Saturday, June 12, 2010

LOTS OF BUNKER BUSTERS IN HOLLYWOOD THIS SUMMER


With the high profile Ashton Kutcher/Katherine Heigl Killers already bombing at the box office, Hollywood may experience a record number of other high profile films that will also tank this summer. My early predictions are for Disney's Sorcerer's Apprentice, Warner Bros. Jonah Hex, and FOX's double bomb with the Tom Cruise/Cameron Diaz vehicle Knight & Day and FOX's A Team, it is likely the Summer of 2010 will go down in Hollywood history as a summer to forget.

Also, 2 other high profile films, Shrek 4 and Sex and the City 2 also underperformed compared to their predecessors. This will inevitably lead to every national magazine that covers Hollywood to say, "The U.S. audience has grown tired of sequels." They will mention some sequels that grossed more money than their previous films and some that grossed less - all the in name of "objectivity," when it really just filling column inches. Look, it's very simple, the global audience does not care if there is a number after a film title, they just want to see a good movie.

The real problem with sequels was brought up to me by my friend Tom DeSanto. Tom is the second highest grossing producer in Hollywood with the X-Men & Transformers films under his belt. Tom had this built up fan bases for Transformers 2 that was totally squandered when the film was more loud that interesting. Tom tells me that it is his and Michael Bay's job to make Transformers 3 much better than 2 to get the fans from Transformers back into cinemas again. That's the only real risk with sequels, underdeliver for your audience and you have to make a better film to win them back. Better to make great sequels than uneven ones.


Thursday, June 10, 2010

CEO POLITICIANS?


Last night's electoral primary battles in major states had 2 very important results: 1. It proved that my previous blog from September 30, 2009 was accurate in predicting that women will save the G.O.P. and 2. It set up the former CEO of Hewlett Packard, Carly Fiorina for a Senate seat run versus incumbent Barbara Boxer and the former CEO of EBay, Meg Whitman's to run the State of California as governor.

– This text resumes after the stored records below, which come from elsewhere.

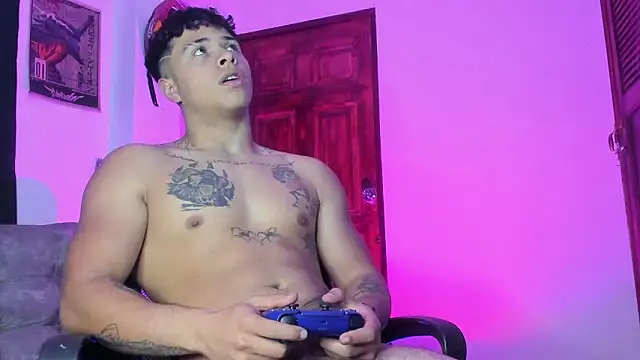 Dominic_Biker__ webcam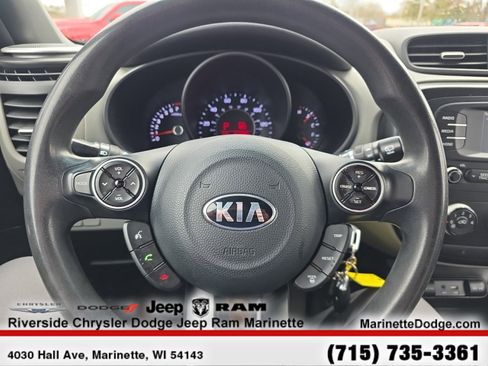 Used 2016 Kia Soul + FWD image 21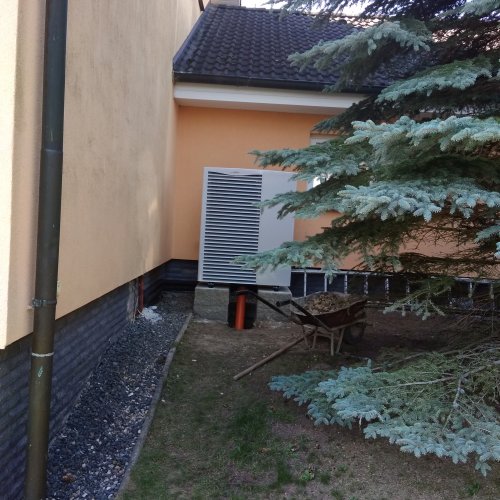 Tepelné čerpadlo místo vytápění naftou (Praha)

As the son of a Republican mother, I am proud to see 2 women running for major offices in a major state. While I disagree with most of their stances on issues, I disagree even more with CEO politicians.
Without a doubt, it takes incredible amount of intelligence and business acumen for both women to have obtained the CEO position of 2 of the world's leading technology companies. There accomplishments as business women are unparalleled. And both candidates are promising to bring a "business mentality" to the running California. But the skill sets required to successfully run a corporation and to govern a state are very different. Companies are run like dictatorships, while states are run by consensus.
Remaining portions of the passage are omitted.